§ **RAW DATA**:
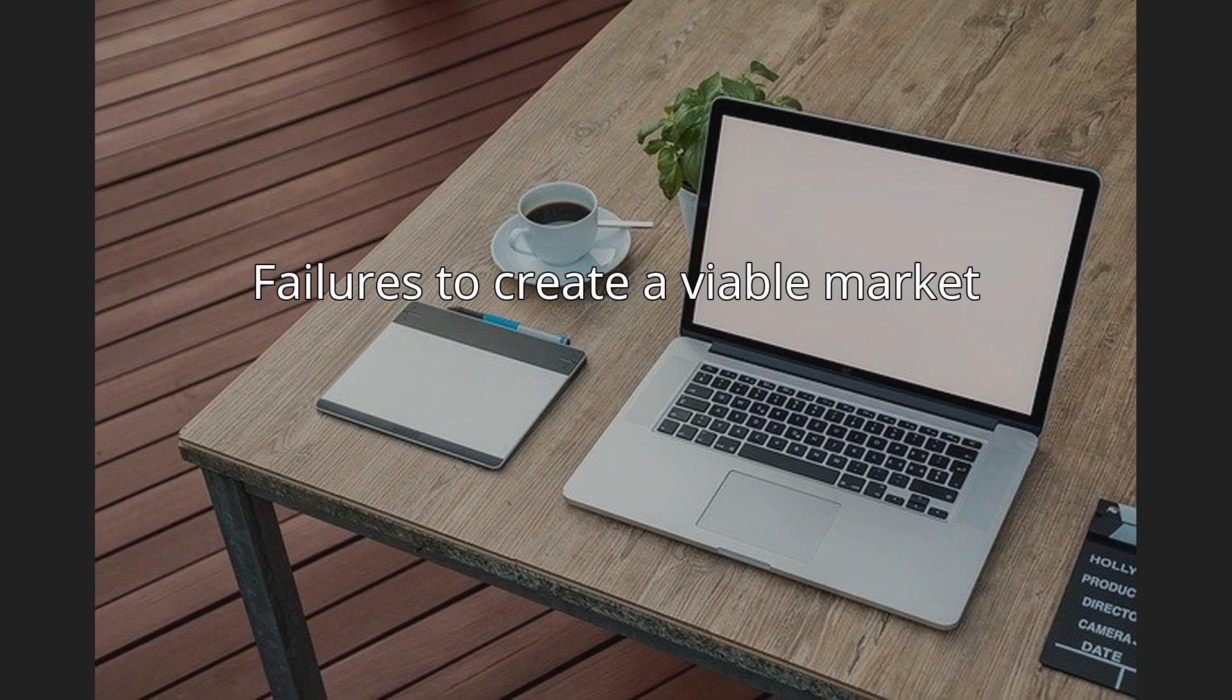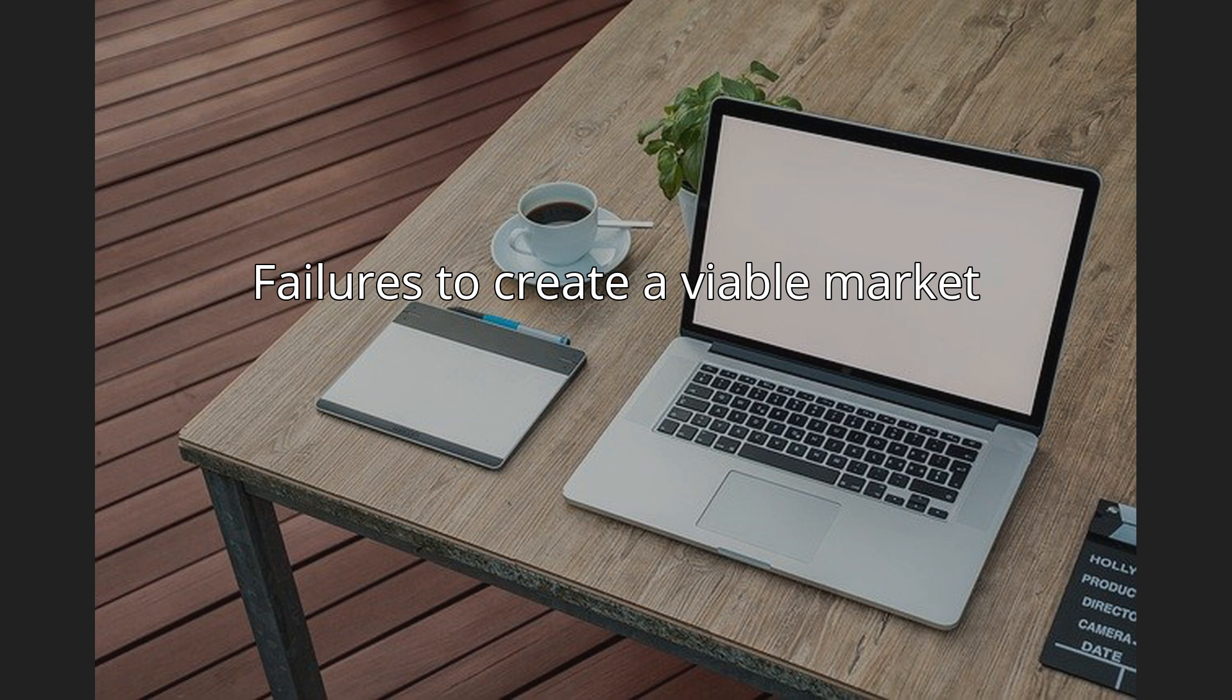Failures to create a viable market. In November 2013, Deloitte sold its 50% stake in the work programme contractor Ingeus. Critics argue that this shows the government had failed to create a viable market in the welfare-to-work industry. Alistair Grimes from the consultancy Rocket Science stated he was not aware of people making money out of the work programme. However, Employment Minister Esther McVey argued that the sale shows the success of the work programme, with Deloitte exiting when their business was performing well.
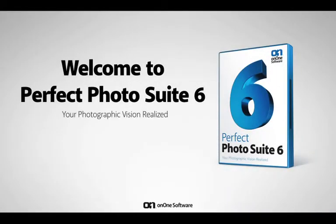Hi there, I'd like to welcome you to Perfect Photo Suite 6, our dramatic new version of our award-winning product line.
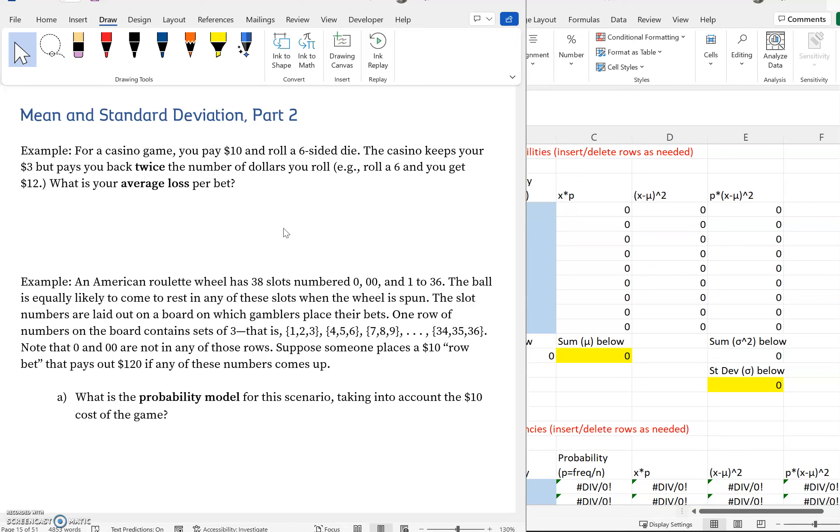Means and standard deviations part two. What we're going to do in this one is just look at a couple more examples from what we did in the first part, and we're going to use the template that I've created for us again.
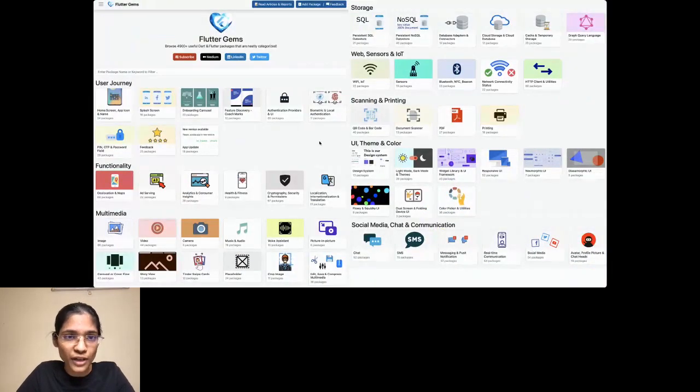I did my undergrad from IIT Kanpur and my MBA from IIM Ahmedabad. I'm also the founder of Flutter Gems. Flutter Gems is basically a visual platform where Dart and Flutter packages have been neatly categorized. Currently we have more than 5,000 packages, neatly categorized into various categories — like geolocation and maps, ad serving, social media chat communication with subcategories like chat, SMS, real-time communication, etc.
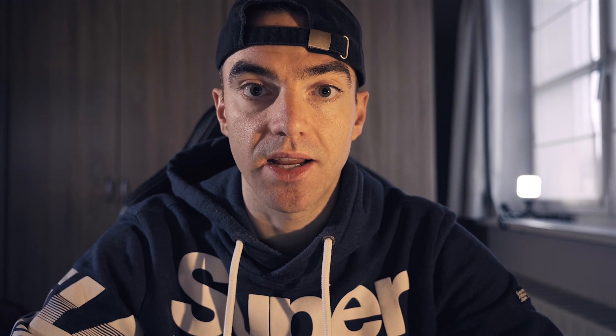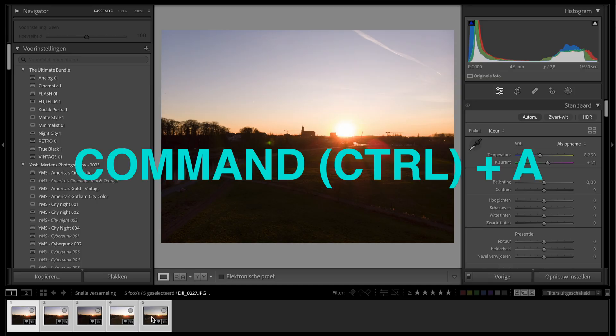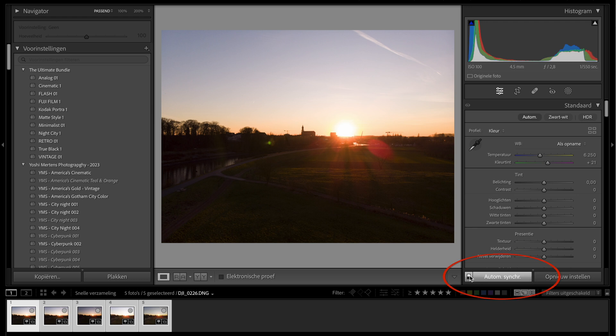First of all, let's open Lightroom Classic. All you need to do after your photo shoot is select all the photos in your album you want to apply the automatic settings to by hitting Command A or Control A on your keyboard. You will see in the lower right corner this button with synchronized settings, and it has a little tick box there as well.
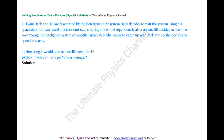Problem 3: Twins Jack and Jill are fascinated by the Betelgeuse star system. Jack decides to visit it using a spaceship travelling at constant 0.45c. Exactly one year later, Jill decides to start her own voyage to Betelgeuse at 0.95c, wanting to catch up with Jack. The two parts of the question are: how long before Jill meets Jack, and how much do they age — who is younger?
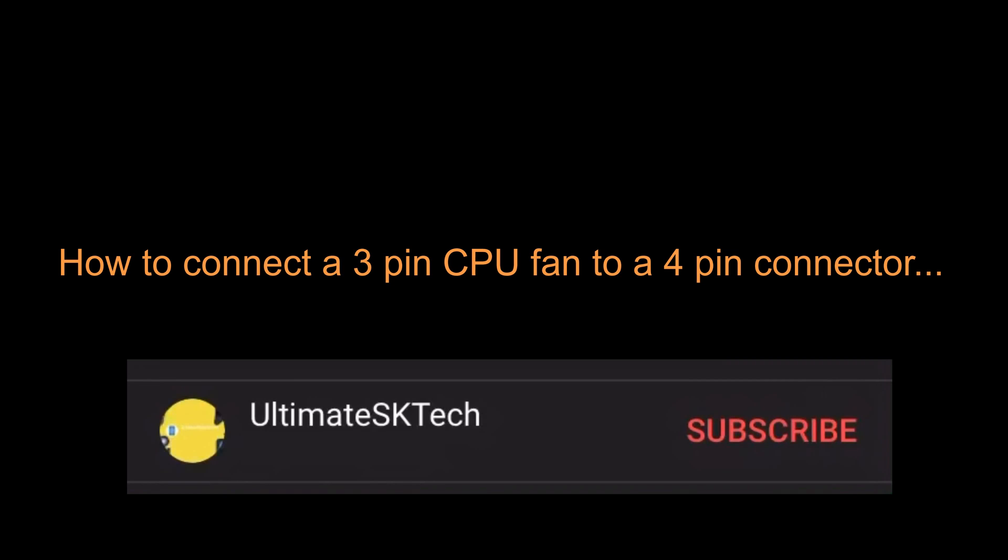Before this video starts, please don't forget to subscribe and hit the bell so that you don't miss any future tech tutorials.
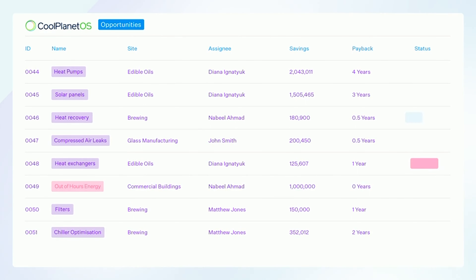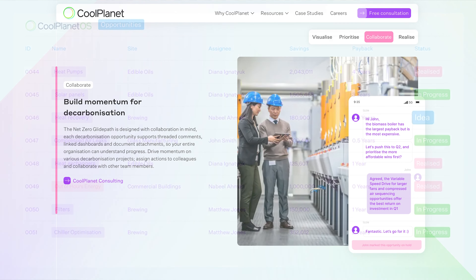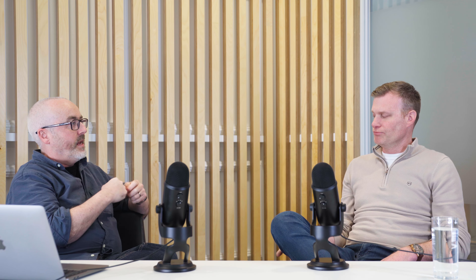One of the values we saw in the glide paths is this concept of really driving the velocity of decarbonization opportunities. How do we think that's going to happen? What's our vision for driving that velocity, and how does the glide path help achieve that?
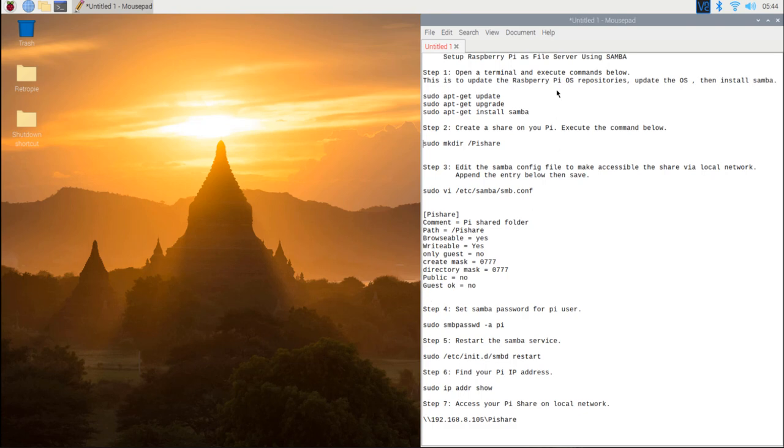Hi! In this video, I will show you how to set up the Raspberry Pi's file server.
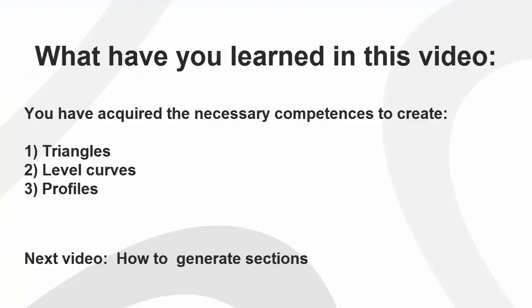What have you learned in this video? You have acquired the necessary competencies to create triangles, level curves, and profiles. In the next video.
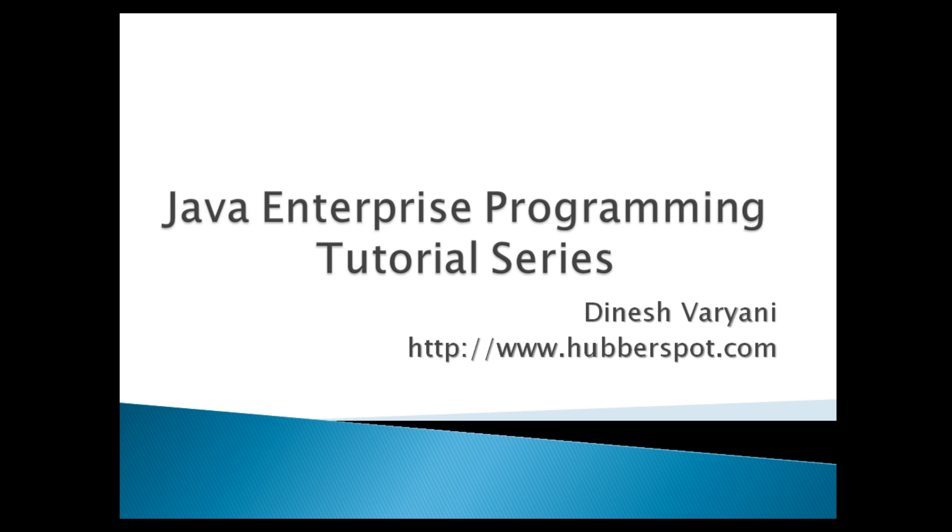Hello friends. Welcome to my new Java Enterprise Programming Tutorial series video.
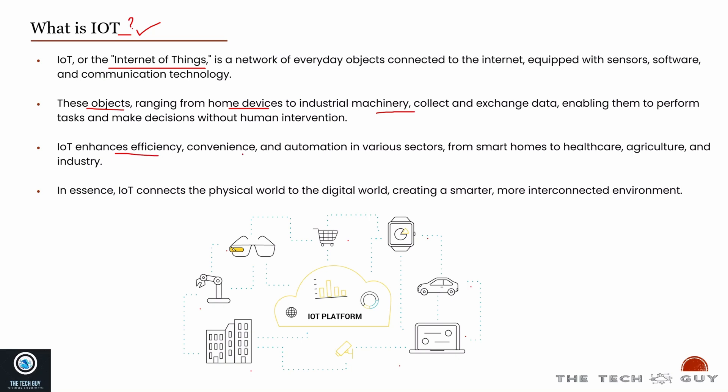Why do we really use IoT? It enhances your efficiency, makes everything convenient, and automates everything. For example, I have a switch in my home and I want something to be turned on at a particular time and turned off at a particular time. I don't have to worry about remembering. I can probably use an IoT device, automate it, have a timer, and it does its job.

§ **TASK TO COMPLETE**:
What to print is the stretch of entries from the line with "Hi there, I'd" up to and including the line with "First of all, let's". Please print it exactly and leave out the pictures.

§ **PROBLEM SOLUTION**:
Hi there, I'd like to welcome you to Perfect Photo Suite 6, our dramatic new version of our award-winning product line.
Means and standard deviations part two. What we're going to do in this one is just look at a couple more examples from what we did in the first part, and we're going to use the template that I've created for us again.
I did my undergrad from IIT Kanpur and my MBA from IIM Ahmedabad. I'm also the founder of Flutter Gems. Flutter Gems is basically a visual platform where Dart and Flutter packages have been neatly categorized. Currently we have more than 5,000 packages, neatly categorized into various categories — like geolocation and maps, ad serving, social media chat communication with subcategories like chat, SMS, real-time communication, etc.
First of all, let's open Lightroom Classic. All you need to do after your photo shoot is select all the photos in your album you want to apply the automatic settings to by hitting Command A or Control A on your keyboard. You will see in the lower right corner this button with synchronized settings, and it has a little tick box there as well.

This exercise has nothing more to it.